A Former Addict And Prostitute, Sherry Latreille Now Helps Rid The
ByWard Market Of Discarded Drug Paraphernalia

OTTAWA - Sherry Latreille's father used to tell her that he read the
newspaper obituaries each morning, expecting some day to see her name
there. "He thought I'd be dead in a river somewhere," she recalls.

Her father's concern was not fanciful. An addict with a taste for
heroin, cocaine, crack and crystal meth, Latreille, 40, estimates
she's spent 10 years in jail since her first arrest when she was 18,
and somewhat wistfully lists the holidays -- Christmas, Halloween,
Valentine's Day and Canada Day, as well as at least three birthdays --
she's spent behind bars on various drug, prostitution and shoplifting
charges.

Her mother, known in the community as Indian Pat, was also a user and
prostitute, plying her trade in the ByWard Market while Sherry sold
her services on Gladstone Avenue and Wellington Street.

Sherry, tired of being known only as "Indian Pat's daughter," decided
to move to Vancouver and make a name for herself there.

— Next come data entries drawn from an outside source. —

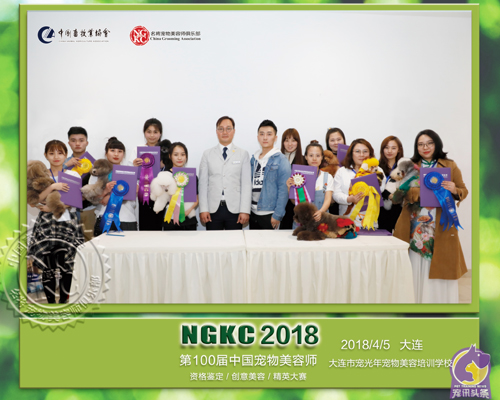 第100届中国宠物美容师8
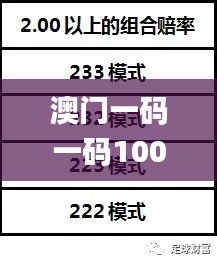 澳门一码一码100准确张子慧,统计分析解释定义_黄金版16.374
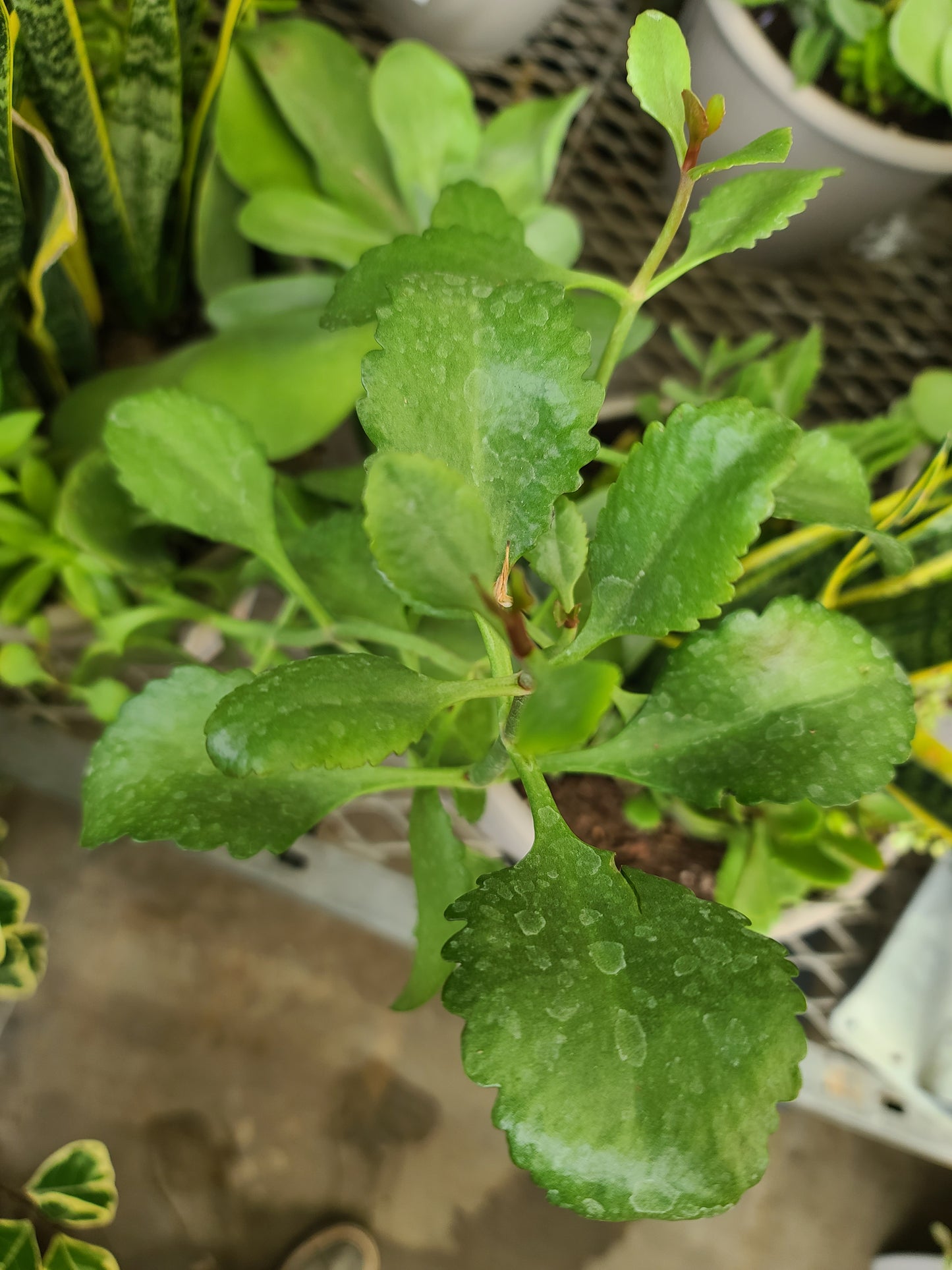 Ewe Odundun Kalanchoe Crenata Leaf of Calm Fresh Leaves spiritual baths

There, things were no better. In one unfortunate incident involving
drugs, a man crushed her skull with a hammer and cut off one of her
fingers. She lost her teeth to crystal meth. She turned tricks to pay
for her heroin addiction, which she depended on in part to dull her
loathing of her prostitution.

After her return to Ottawa, she recalls being visited at the
Ottawa-Carleton Detention Centre by Vancouver detectives asking her to
look at arrays of mug shots. She recognized one -- a pig farmer she'd
once performed oral sex on but, distrustful of his windowless truck,
refused to go home with.

The detectives also showed her photographs of Robert Pickton's
victims, one of whom -- Aunt Bobby from Edmonton, she called her --
was a dear friend of Sherry and Pat's.

"I couldn't sleep for three days after that," Sherry says. "I had
nightmares."

The experience, though, helped straighten her out -- she immediately
stopped "doing dates."

"I can't do that to my mom," she says. "I don't want her ever to open
a book and see that somebody killed me."

Three years ago, after quitting drugs almost entirely ("I still smoke
a little pot now and then"), Sherry joined the Needle Hunter Program,
an initiative by Ottawa Public Health to help keep neighbourhoods with
high drug use -- Lowertown, Centretown, Hintonburg and Vanier -- free
of discarded condoms and drug paraphernalia.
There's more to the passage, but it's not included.